Jackson Lemon had said to Dr. Feeder in the Park that he would call on Mr. and Mrs. Freer; but three weeks were to elapse before he knocked at their door in Jermyn Street. In the meantime he had met them at dinner and Mrs. Freer had told him how much she hoped he would find time to come and see her. She had not reproached him nor shaken her finger at him, and her clemency, which was calculated and very characteristic of her, touched him so much-for he was in fault, she was one of his mother's oldest and best friends-that he very soon presented himself. It was on a fine Sunday afternoon, rather late, and the region of Jermyn Street looked forsaken and inanimate; the native dulness of the brick scenery reigned undisputed. Mrs. Freer, however, was at home, resting on a lodging-house sofa-an angular couch draped in faded chintz-before she went to dress for dinner. She made the young man very welcome; she told him again how much she had been thinking of him; she had longed so for a chance to talk with him. He immediately guessed what she had in her mind, and he then remembered that Sidney Feeder had named to him what it was this pair took upon themselves to say. This had provoked him at the time, but he had forgotten it afterward; partly because he became aware that same night of his wanting to make the "young marchioness" his own and partly because since then he had suffered much greater annoyance.

Yes, the poor young man, so conscious of liberal intentions, of a large way of looking at the future, had had much to irritate and disgust him.

He had seen the mistress of his affections but three or four times, and had received a letter from Mr. Hardman, Lord Canterville's solicitor, asking him, in terms the most obsequious it was true, to designate some gentleman of the law with whom the preliminaries of his marriage to Lady Barbarina Clement might be arranged. He had given Mr. Hardman the name of such a functionary, but he had written by the same post to his own solicitor-for whose services in other matters he had had much occasion, Jackson Lemon being distinctly contentious-instructing him that he was at liberty to meet that gentleman, but not at liberty to entertain any proposals as to the odious English idea of a settlement. If marrying Jackson Lemon wasn't settlement enough the house of Canterville had but to alter their point of view. It was quite out of the question he should alter his. It would perhaps be difficult to explain the strong dislike he entertained to the introduction into his prospective union of this harsh diplomatic element; it was as if they mistrusted him and suspected him; as if his hands were to be tied so that he shouldn't be able to handle his own fortune as he thought best. It wasn't the idea of parting with his money that displeased him, for he flattered himself he had plans of expenditure for his wife beyond even the imagination of her distinguished parents.

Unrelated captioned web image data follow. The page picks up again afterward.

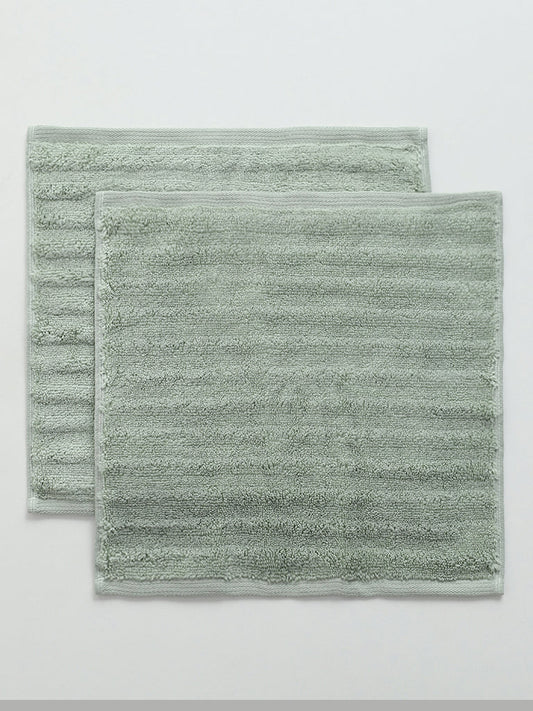 Westside Home Sage Green Self-Striped Face Towels (Set of 2)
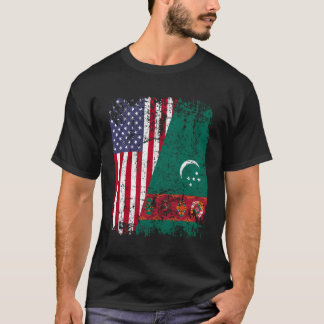Camiseta Turk Roots Half American Flag Usa Turkistan Flag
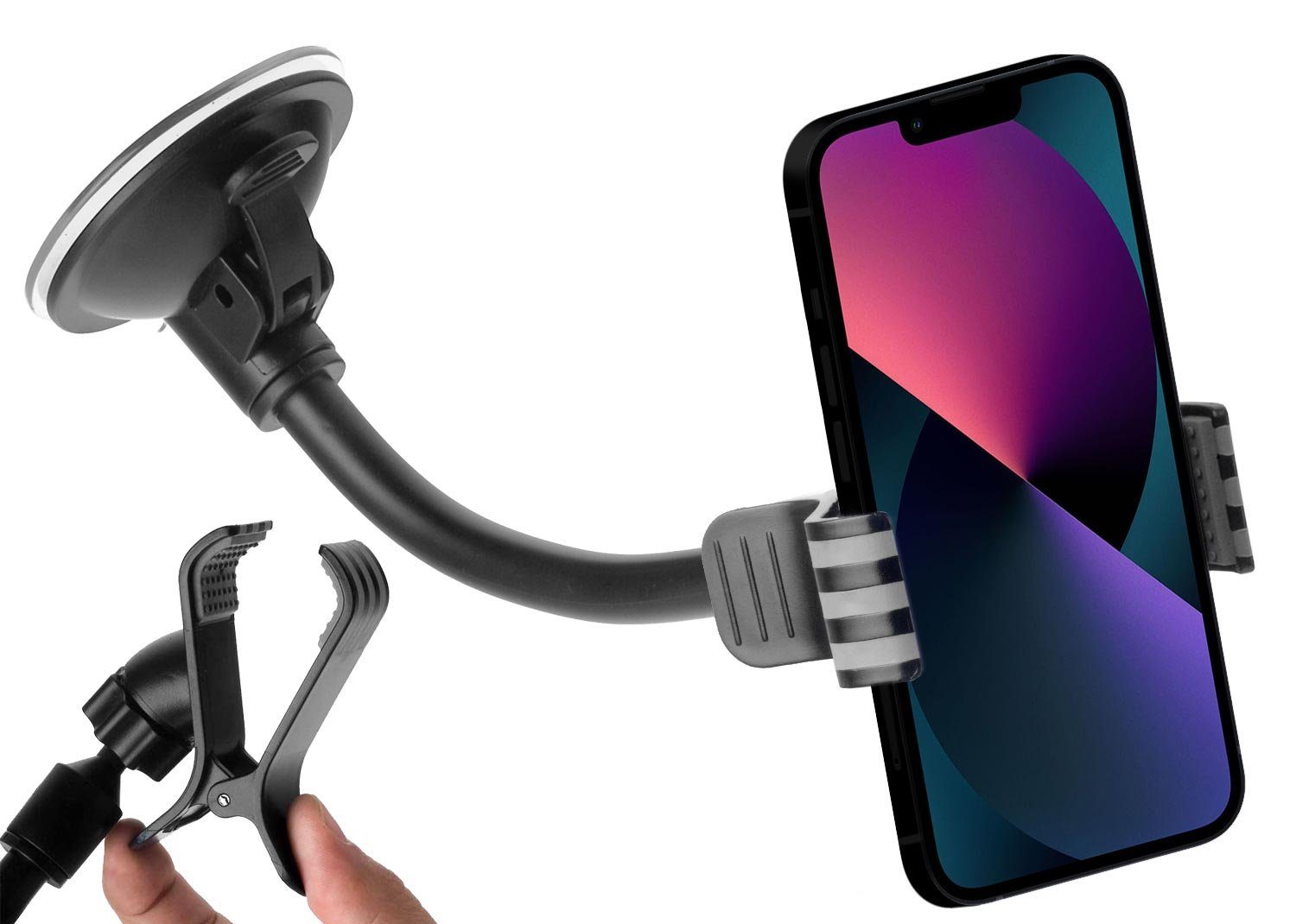 yayago Handy-Halterung Universal KFZ Handy Smartphone Halterung mit Saugnapf + Klemme, (Set, Set, Für alle Handys Smartphones mit einer Breite bis zu 10cm Case  – Bild 2 von 5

It struck him even that they were fools not to have felt subtly sure they should make a much better thing of it by leaving him perfectly free. This intervention of the solicitor was a nasty little English tradition-totally at variance with the large spirit of American habits-to which he wouldn't submit. It wasn't his way to submit when he disapproved: why should he change his way on this occasion when the matter lay so near him?